Bereaved cohabitant Siobhan McLaughlin has won her case at the Supreme Court that unmarried couples should have a right to the widowed parent’s allowance.
In Re an application by Siobhan McLaughlin for Judicial Review (Northern Ireland) [2018] UKSC 48, the Supreme Court held 4-1 that the legislative requirement for marriage unjustifiably discriminated against the survivor and the children on the basis of their marital or birth status, contrary to the European Convention on Human Rights, Arts 8 and 14.
McLaughlin lived with her partner, John Adams, as man and wife for 23 years until his death in 2014, and they had four children together. State benefits made up part of the family’s income. When Mr Adams died, McLaughlin claimed bereavement payment and widowed parent’s allowance but was refused because she had not been married or in a civil partnership.

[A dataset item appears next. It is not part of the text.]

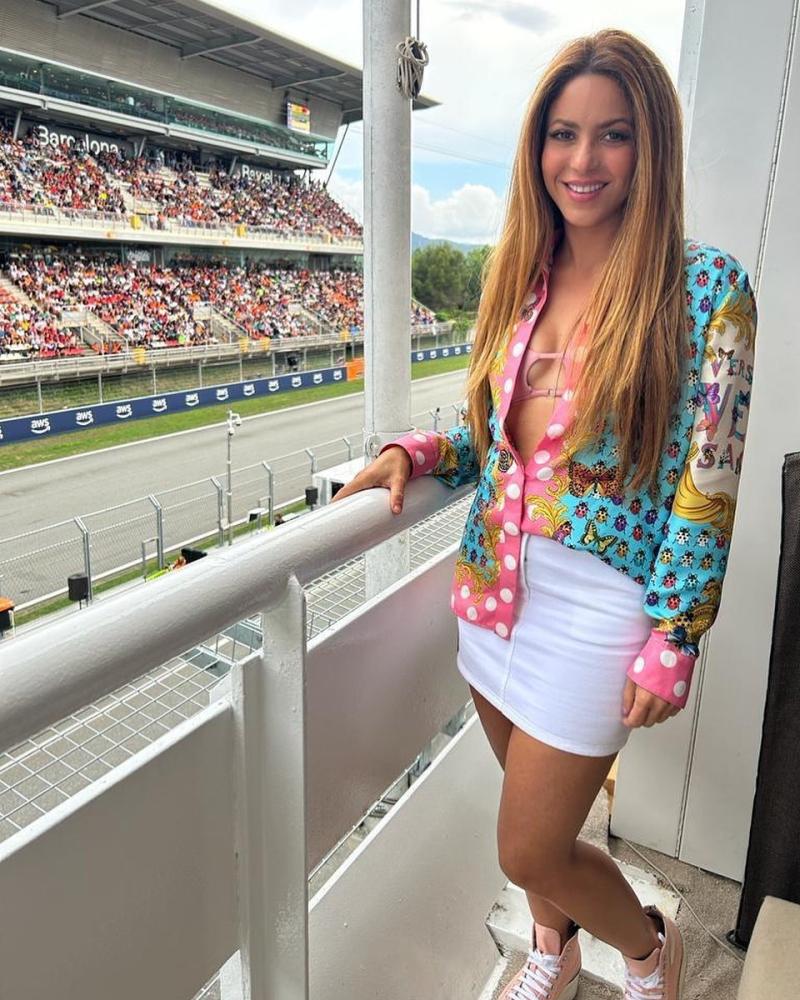 Shakira fue a dos carreras de la Fórmula 1 y aseguran que fue para ver a Lewis Hamilton - Instagram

Both these state benefits have a contributory element, are non-means-tested, and are based on payments by the deceased from occupational income. McLaughlin sought judicial review.
Delivering judgment, Lady Hale said: ‘[The widowed parent’s allowance’s] purpose must be to benefit the children. The situation of the children is thus an essential part of the comparison… had the couple been married, their treatment would be very different: their household would have significantly more to live on while their carer is in work.’
Margaret Heathcote, Chair of family justice organisation Resolution, said the decision ‘supports families and their children regardless of how those families are labelled’.
Recent estimates suggest one in eight adults in England and Wales are living together unmarried, but the couple’s legal rights when the relationship ends are widely misunderstood, she said.
She called on the government to put in place ‘minimum basic rights for these couples’. Scotland extended statutory rights to cohabiting couples in 2006 and in 2007 the Law Commission recommended reforms that would legally recognise the relationship status of these couples in England and Wales.
Maeve O’Higgins, head of family law at Burlingtons said: ‘This case highlights the very different treatment under the law between married and unmarried partners on the ending of their relationship, whether following the breakdown of their couple relationship, or the death of one of the partners. It also emphasises the continued widespread unawareness of the lack of rights for cohabiting partners.
‘In 2016 the House of Commons Work and Pensions Select Committee recommended that the bereavement benefits should be extended to cohabiting couples. The committee also pointed out that the cost of doing this could be limited to £21.6m, if bereavement benefits were extended only to those unmarried partners who (like Siobhan) were left with dependent children. The Government are now considering the implications of the Supreme Court ruling but it remains unclear if and when the law regarding bereavement benefits will be changed in favour of unmarried partners’.
Alison Penny, director, Childhood Bereavement Network, which supported the case, said: ‘While [McLaughlin] brought her case in Northern Ireland, it has implications for the rest of the UK where the wording of the eligibility criteria is the same. If current policy is in breach of the Human Rights Act in Northern Ireland, it must be in breach in the rest of the UK too.’